After all the canyons it’s back to the trail. For about a half mile or so the trail winds uphill out of the canyons and it can be a little challenging but if you’re used to a little hiking it won’t be a problem. Eventually you’ll make it to the top. The first overlook is one of the best. You’ll have to jump the fence and go through the bushes but once you do you’re rewarded with a great view with a sort of ledge that sticks out a bit to walk out onto. Back on the trail it winds toward the entrance road and winds past all those overlooks you saw coming into the park. Many good photo spots run along the path that eventually ends where you start at the visitor center. All in all, I’d say you’ll log about five miles doing all of the canyons and the White Blazed Trail. The Red Blazed Trail is a seven miler that I didn’t have time to do. Plus, it doesn’t pass any canyons. It does path something called the South Glory Hole. That might be cool but I wouldn’t know. After all that driving and hiking I was pretty tired. I actually toured the church after my hike then checked into the Florence Marina State Park Campground nearby. Providence Canyon only allows primitive camping.

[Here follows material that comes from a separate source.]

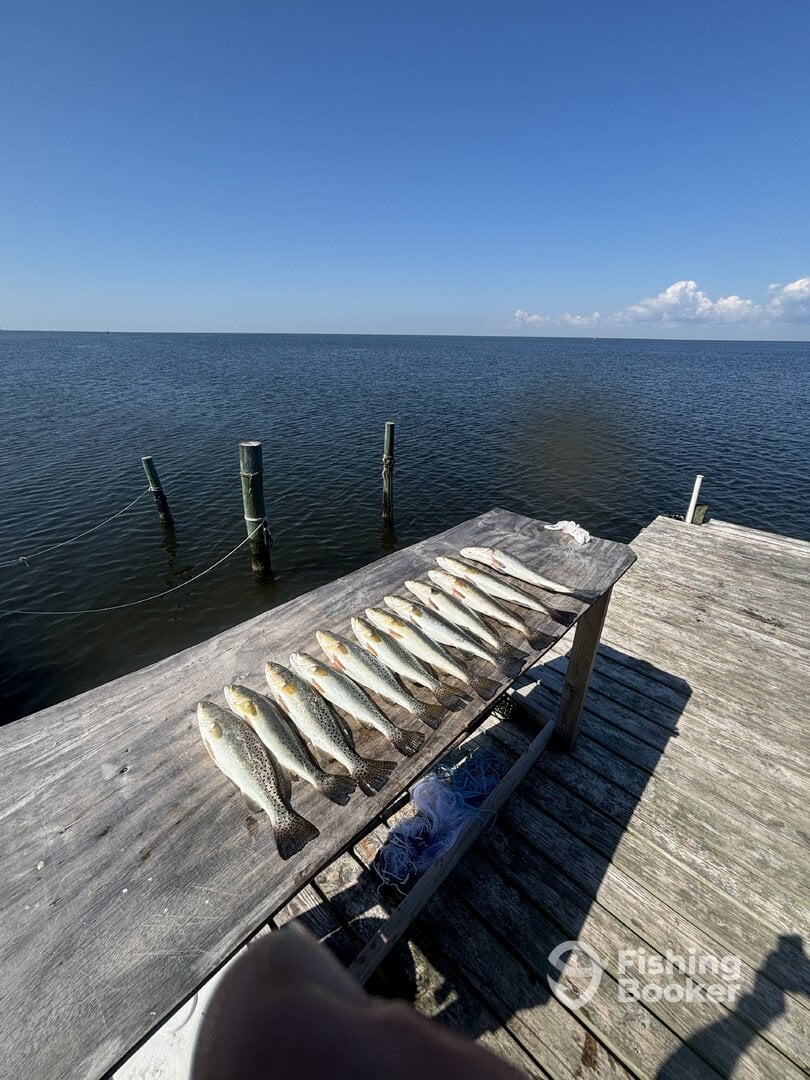 Rodanthe Report Photo 0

Florence Marina State Park is really just a small park with boat docks, cabins and a camp store. I checked in and set up camp in the back of my truck. No need to pitch a tent for just one short night. Florence Marina also had very nice bathhouse facilities so I could actually feel clean at the end of the day.

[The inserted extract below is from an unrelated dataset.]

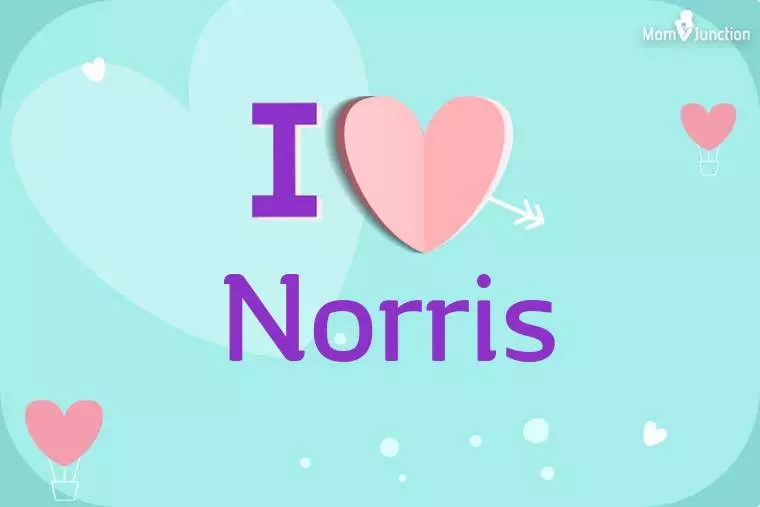 I Love Norris Wallpaper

Dinner time! It took about 45 minutes to get to Columbus from the campground. Not a whole lot was open when I arrived. I settled for a trendy place called Nonic. I had an excellent hamburger and a couple of those hipster craft beers. (I don’t consider myself a hipster at all) After that I strolled down to the river walk. This was about 10 PM on a weeknight and it was dead except for some questionable looking characters. Especially around the pedestrian bridge connecting GA to Al. If I had my family I probably wouldn’t of walked down there at night. Maybe it’s safe but I’d do it in the daylight if I were you.
Eufala is the closest town to Providence Canyon and Florence Marina. I’d say it takes about 25 to 30 minutes to get from to canyon to town. Eufala is one of those classic one street southern towns. It reminded me a lot of Fairhope, AL but not quite as upscale. It was morning when I was there. I had coffee at Superior Pecans. They have a pecan roast that’s pretty amazing. I normally don’t go for flavored stuff but this one’s a winner. Then I rode through the historic district and toured the Shorter Mansion as recommended by one of y’all. It’s a neat house. Not the best tour I’ve done but it’s only $5 and worth stopping by. After that I headed home. I did stop by a farmers market type place to buy some sorghum syrup but that’s it. All worth a short visit or even turning into a larger trip depending on what you want to explore.